With the pictures omitted, repeat exactly the lines below starting with the line that has "Essentials 11 4" and going on through the line that has "Side Molle kit".

(RECORDED DATA)
++++

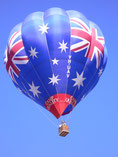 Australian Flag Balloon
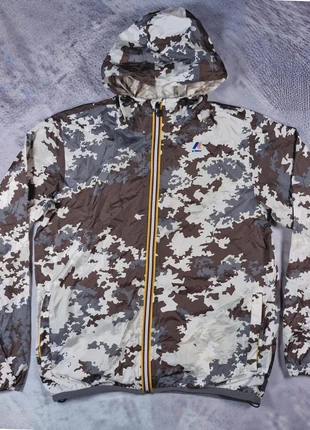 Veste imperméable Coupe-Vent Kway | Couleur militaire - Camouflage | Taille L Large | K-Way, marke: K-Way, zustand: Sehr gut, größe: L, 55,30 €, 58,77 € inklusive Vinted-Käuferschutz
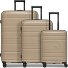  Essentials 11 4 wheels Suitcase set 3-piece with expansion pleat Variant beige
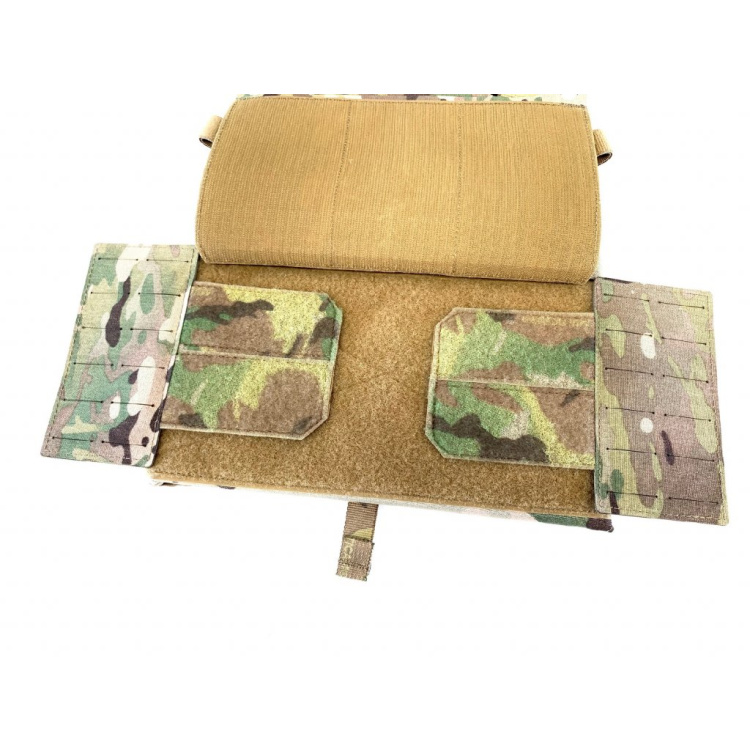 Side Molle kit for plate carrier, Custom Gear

++++

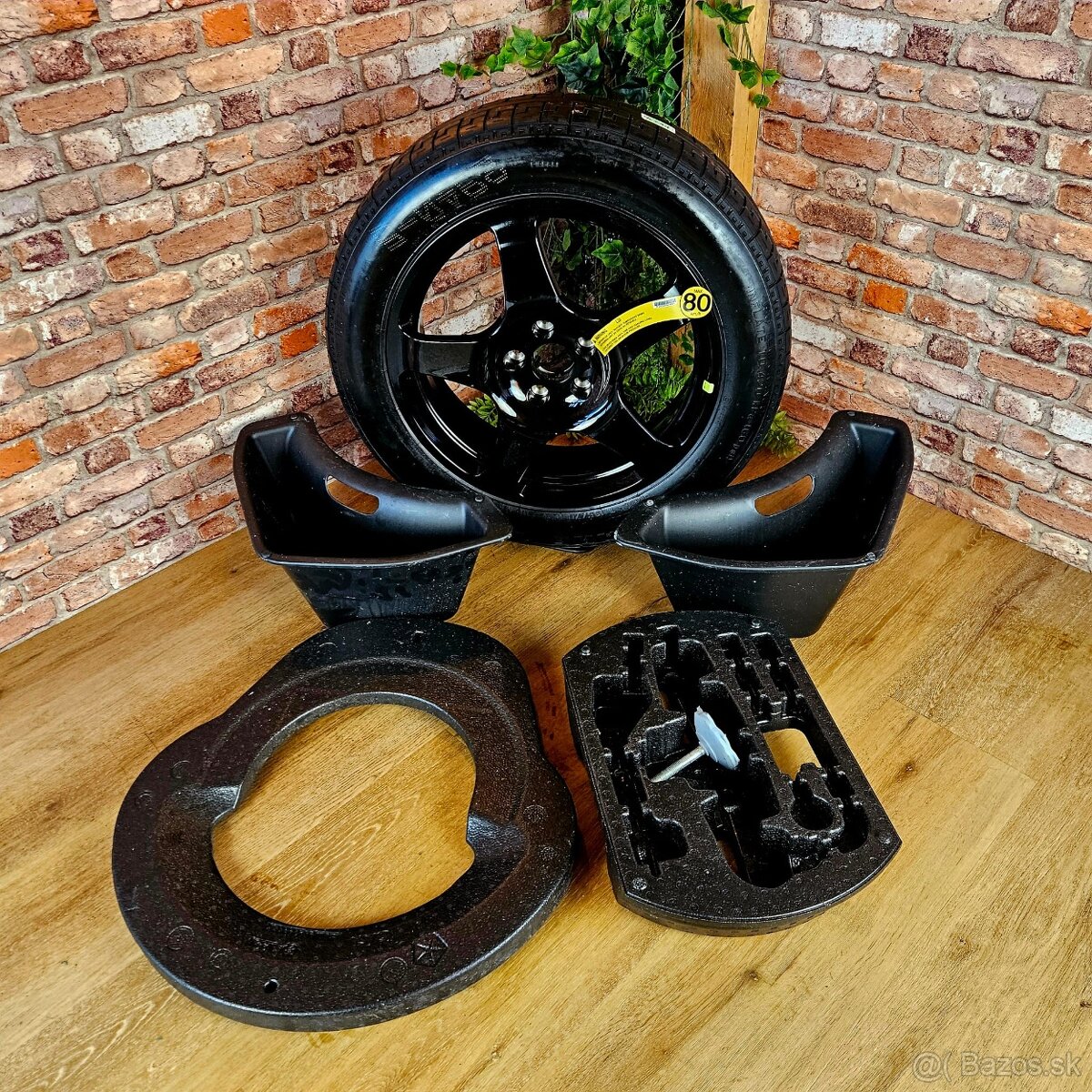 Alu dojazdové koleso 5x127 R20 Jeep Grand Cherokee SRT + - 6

++++

(ANSWER FOR THE TASK)
  Essentials 11 4 wheels Suitcase set 3-piece with expansion pleat Variant beige
 Side Molle kit for plate carrier, Custom Gear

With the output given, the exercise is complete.